*** Data Section Begins ***
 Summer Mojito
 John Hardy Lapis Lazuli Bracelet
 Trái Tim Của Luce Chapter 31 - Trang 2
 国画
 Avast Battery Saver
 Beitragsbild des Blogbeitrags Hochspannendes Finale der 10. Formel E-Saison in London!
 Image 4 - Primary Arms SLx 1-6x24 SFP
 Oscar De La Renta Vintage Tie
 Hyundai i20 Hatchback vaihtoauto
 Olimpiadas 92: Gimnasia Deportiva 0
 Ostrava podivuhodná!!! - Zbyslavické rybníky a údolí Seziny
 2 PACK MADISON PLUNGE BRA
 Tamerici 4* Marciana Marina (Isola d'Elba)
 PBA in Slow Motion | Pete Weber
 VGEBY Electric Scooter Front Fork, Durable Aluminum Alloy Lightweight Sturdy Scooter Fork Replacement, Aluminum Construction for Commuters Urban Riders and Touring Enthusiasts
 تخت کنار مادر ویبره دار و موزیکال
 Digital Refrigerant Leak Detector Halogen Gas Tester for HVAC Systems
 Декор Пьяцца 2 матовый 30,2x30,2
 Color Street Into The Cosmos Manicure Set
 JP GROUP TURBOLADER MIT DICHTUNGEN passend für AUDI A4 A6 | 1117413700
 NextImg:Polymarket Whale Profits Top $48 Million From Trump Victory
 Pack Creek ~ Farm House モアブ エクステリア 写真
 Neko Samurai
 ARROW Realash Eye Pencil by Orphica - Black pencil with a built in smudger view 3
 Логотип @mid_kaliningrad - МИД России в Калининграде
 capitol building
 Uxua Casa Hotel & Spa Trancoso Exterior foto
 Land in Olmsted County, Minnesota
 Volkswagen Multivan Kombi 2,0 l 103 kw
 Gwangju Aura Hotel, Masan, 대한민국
*** Data Section Ends ***
■ Problem to solve
All lines from the one with "Image 4 - Primary Arms SLx 1-6x24 SFP" through the final line above are to be quoted exactly; quote no other line.

■ Task output
 Image 4 - Primary Arms SLx 1-6x24 SFP
 Oscar De La Renta Vintage Tie
 Hyundai i20 Hatchback vaihtoauto
 Olimpiadas 92: Gimnasia Deportiva 0
 Ostrava podivuhodná!!! - Zbyslavické rybníky a údolí Seziny
 2 PACK MADISON PLUNGE BRA
 Tamerici 4* Marciana Marina (Isola d'Elba)
 PBA in Slow Motion | Pete Weber
 VGEBY Electric Scooter Front Fork, Durable Aluminum Alloy Lightweight Sturdy Scooter Fork Replacement, Aluminum Construction for Commuters Urban Riders and Touring Enthusiasts
 تخت کنار مادر ویبره دار و موزیکال
 Digital Refrigerant Leak Detector Halogen Gas Tester for HVAC Systems
 Декор Пьяцца 2 матовый 30,2x30,2
 Color Street Into The Cosmos Manicure Set
 JP GROUP TURBOLADER MIT DICHTUNGEN passend für AUDI A4 A6 | 1117413700
 NextImg:Polymarket Whale Profits Top $48 Million From Trump Victory
 Pack Creek ~ Farm House モアブ エクステリア 写真
 Neko Samurai
 ARROW Realash Eye Pencil by Orphica - Black pencil with a built in smudger view 3
 Логотип @mid_kaliningrad - МИД России в Калининграде
 capitol building
 Uxua Casa Hotel & Spa Trancoso Exterior foto
 Land in Olmsted County, Minnesota
 Volkswagen Multivan Kombi 2,0 l 103 kw
 Gwangju Aura Hotel, Masan, 대한민국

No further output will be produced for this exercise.